Records from a data source
++++++++

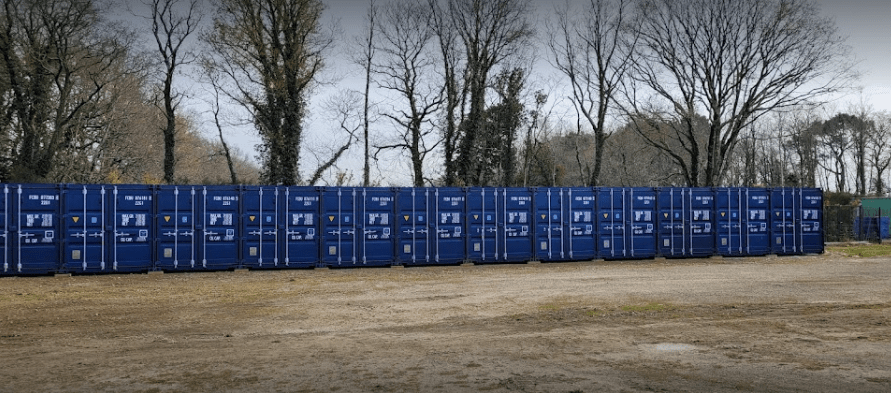 Containers de Chantier Container de Stockage 20 pieds
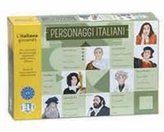 Personaggi italiani. Gamebox mit 132 Karten + Download
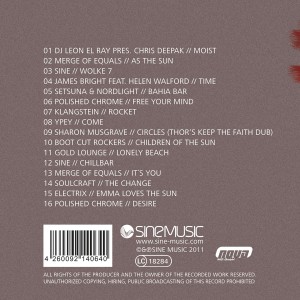 Various Artists - Chillbar Vol.3 (Back)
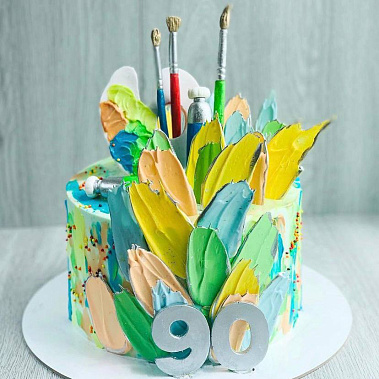 «Акварельный взрыв» купить - набережныечелны.сладкоежкин.рф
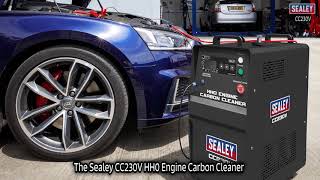 Sealey CC230V SameDay HHO Engine Carbon Cleaning for Improved Performance and Efficiency [upl. by Vinny]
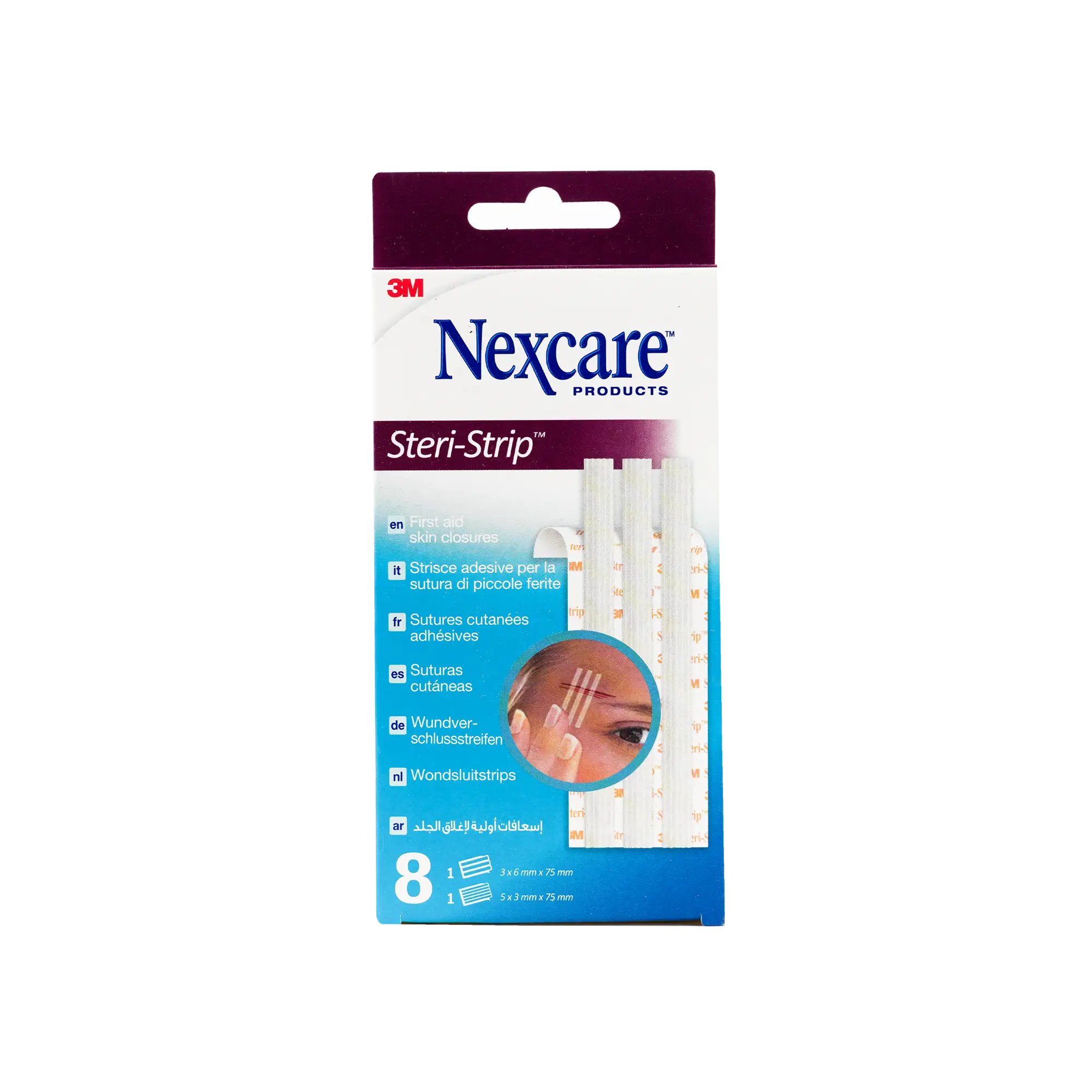 Nexcare Steri-Strip Assorted 8pcs-R150C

++++++++

### EXERCISE BRIEF
Give the data again exactly as written, with all pictures left out.

### SOLUTION TO THE EXERCISE
 Containers de Chantier Container de Stockage 20 pieds
 Personaggi italiani. Gamebox mit 132 Karten + Download
 Various Artists - Chillbar Vol.3 (Back)
 «Акварельный взрыв» купить - набережныечелны.сладкоежкин.рф
 Sealey CC230V SameDay HHO Engine Carbon Cleaning for Improved Performance and Efficiency [upl. by Vinny]
 Nexcare Steri-Strip Assorted 8pcs-R150C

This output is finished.